The answer: Auburn.
The question: Who is the most recent victim of the mess known as the BCS?
Hey Auburn, we know how you feel.
Last year, when USC was left out of the BCS title game, the city of Los Angeles (minus a small contingent in Westwood) let out a collective groan. OU, LSU and USC all had the same 1-loss record, but only two could tango so USC was banished to the Rose Bowl.

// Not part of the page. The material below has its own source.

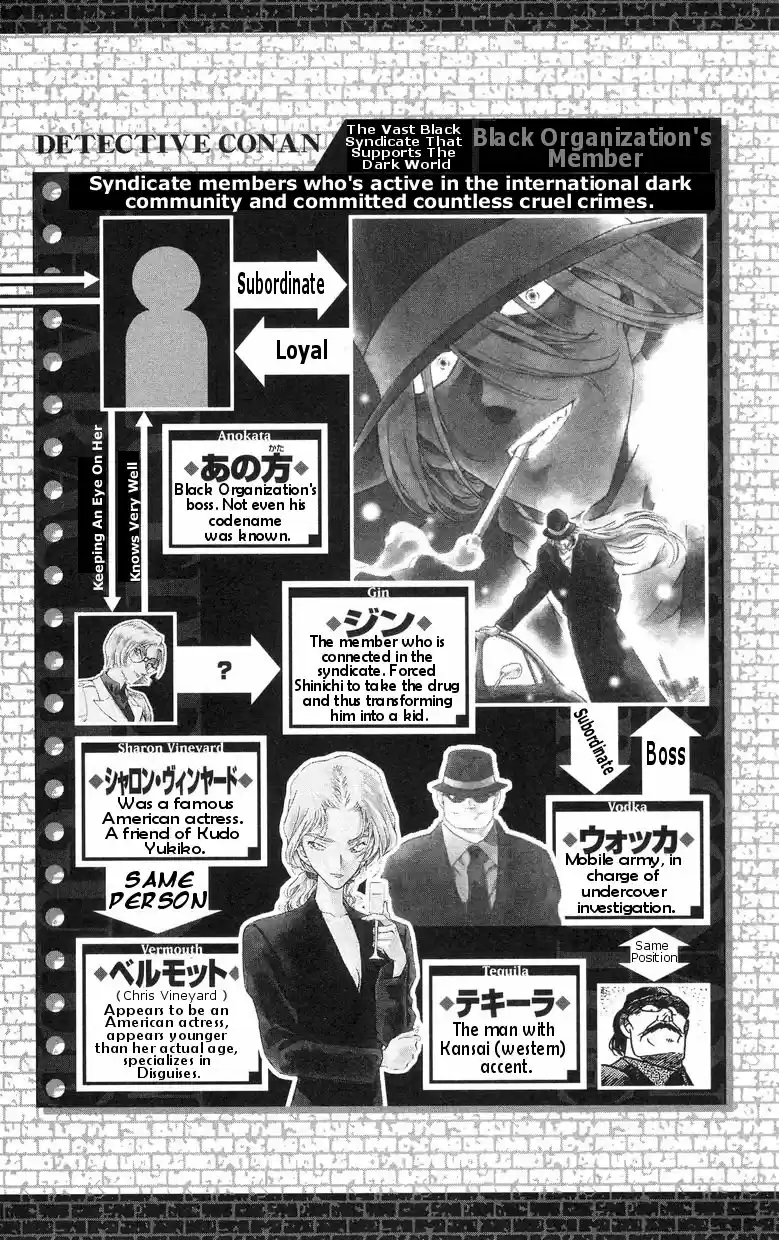 Detective Conan Ch.491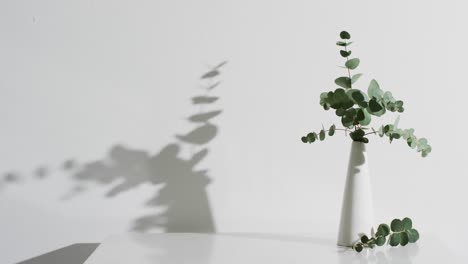 Video-of-twigs-with-green-leaves-in-white-vase-with-copy-space-on-white-background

Here we are, one year later and once again the BCS will leave a deserving team on the outside looking in at the title game. The difference: Auburn was not on top of both human polls like USC in 2003. Another difference is that this year both USC and Oklahoma, the two team who will meet in the BCS title game in Miami, won their conference. Last year, the Kansas State won the Big 12, beating OU in the conference's title game, but the BCS still allowed OU to play for the national championship. While Auburn also won its conference, it was simply farther behind in the polls.
Any way you look at it, the system is flawed. USC went undefeated in a top conference (Pac-10) and got a bid to the Orange Bowl. Oklahoma went undefeated in a top conference (Big 12) and got a bid to the Orange Bowl. Auburn went undefeated in a top conference (the SEC, arguably the traditionally strongest conference in college football) and can play for third. That's horseshit!

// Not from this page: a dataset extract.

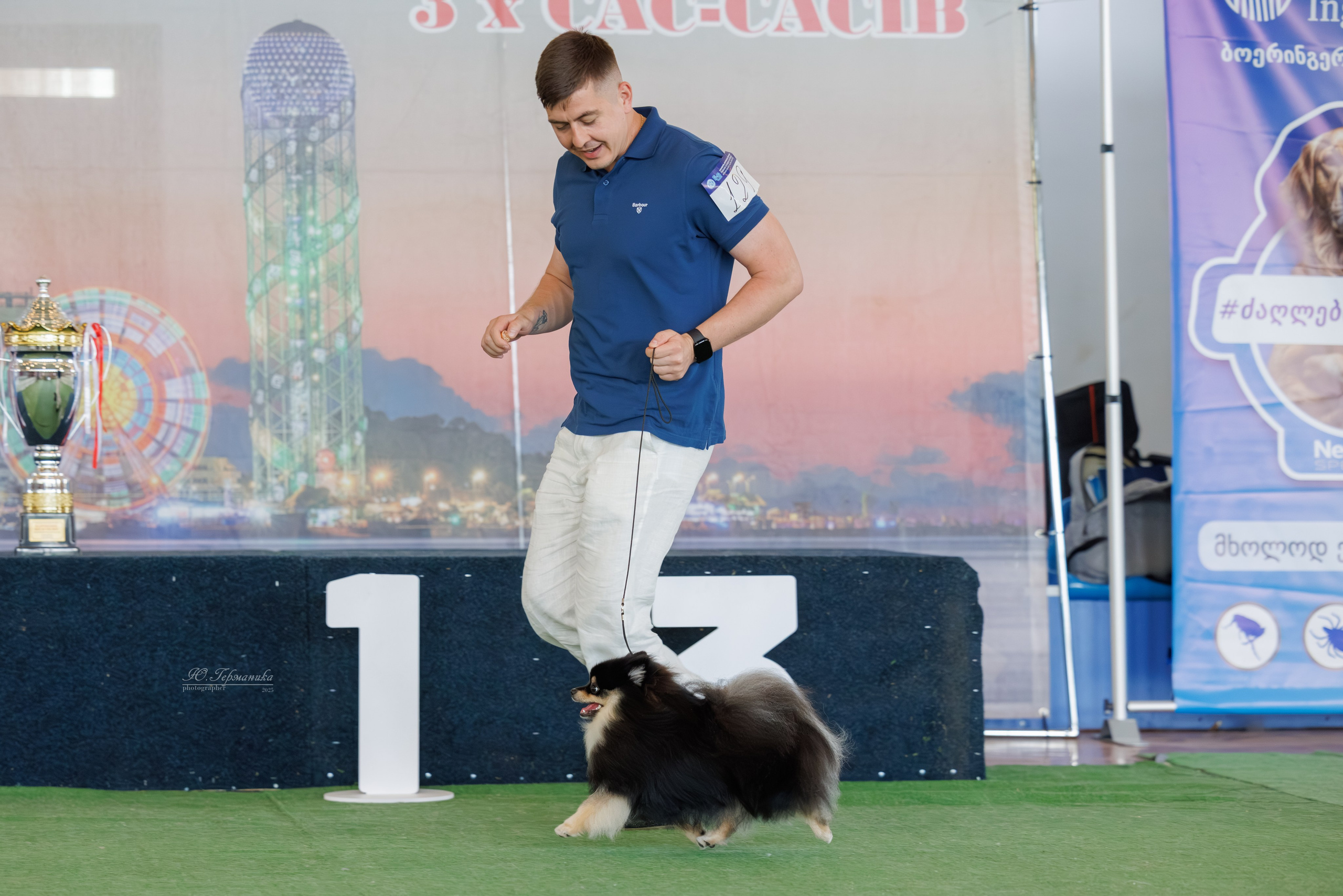 Батуми 3хCACIB 27-29.06.2025. Фотограф-анималист Юлия Германика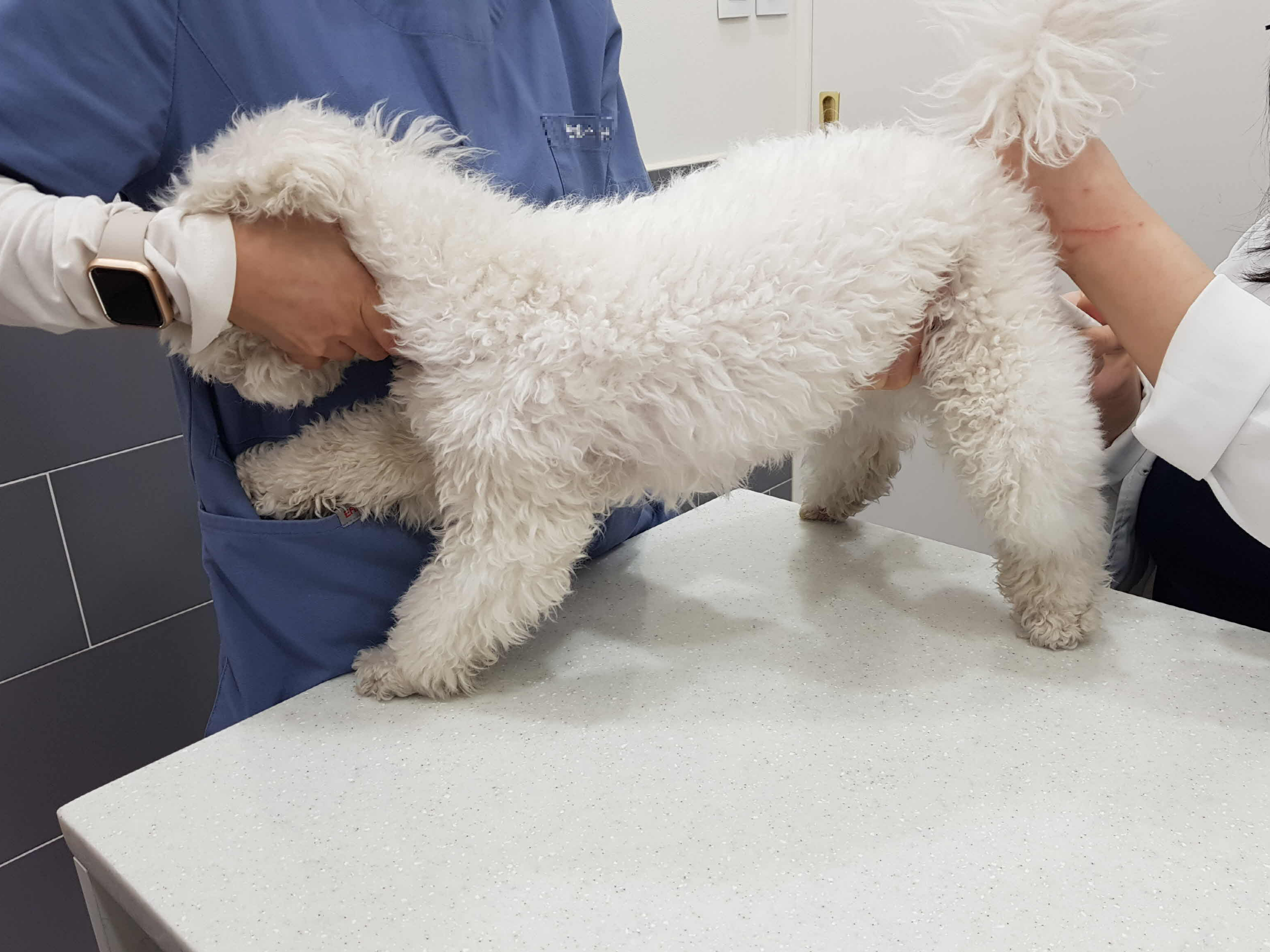 강아지 체온측정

Last year, USC could complain about flaws and how the system failed: They topped both human polls, and a team that didn't win its conference was in the title game. BIG FAILURES! People could easily say the 2003 BCS didn't work.
This year, the human polls and the BCS agree. Both teams are conference champs. But what about Auburn? I'm not saying I'd rather see them in the title game instead of the Trojans, but how can a team in a major conference go undefeated and still not be able to at least play for the national title? That's just wrong.
This system isn't working. A playoff is clearly necessary. There is no other way to do it.
Here's my solution:
The top 6 teams in country go into a playoff tree formatted just like the NFL's conference playoffs. That allows the BCS to expand to five games, which it's looking to do.
The top two teams would have a bye.
The third-seed would play the sixth, and the fourth would play the fifth.
The first and second ranked teams would play the winners of those games in the national semifinals.
The winners would advance to the title game - the fifth game in this playoff.
While critics would ask, "What about the seventh-ranked team?" the line between the top teams in the country is evident moreso after the top six than the top two. With six computers and two human polls, there would be much, much less controversy over the sixth-seed than for one of two spots in the title game under the current format.
Now explain to me how that doesn't solve the problem?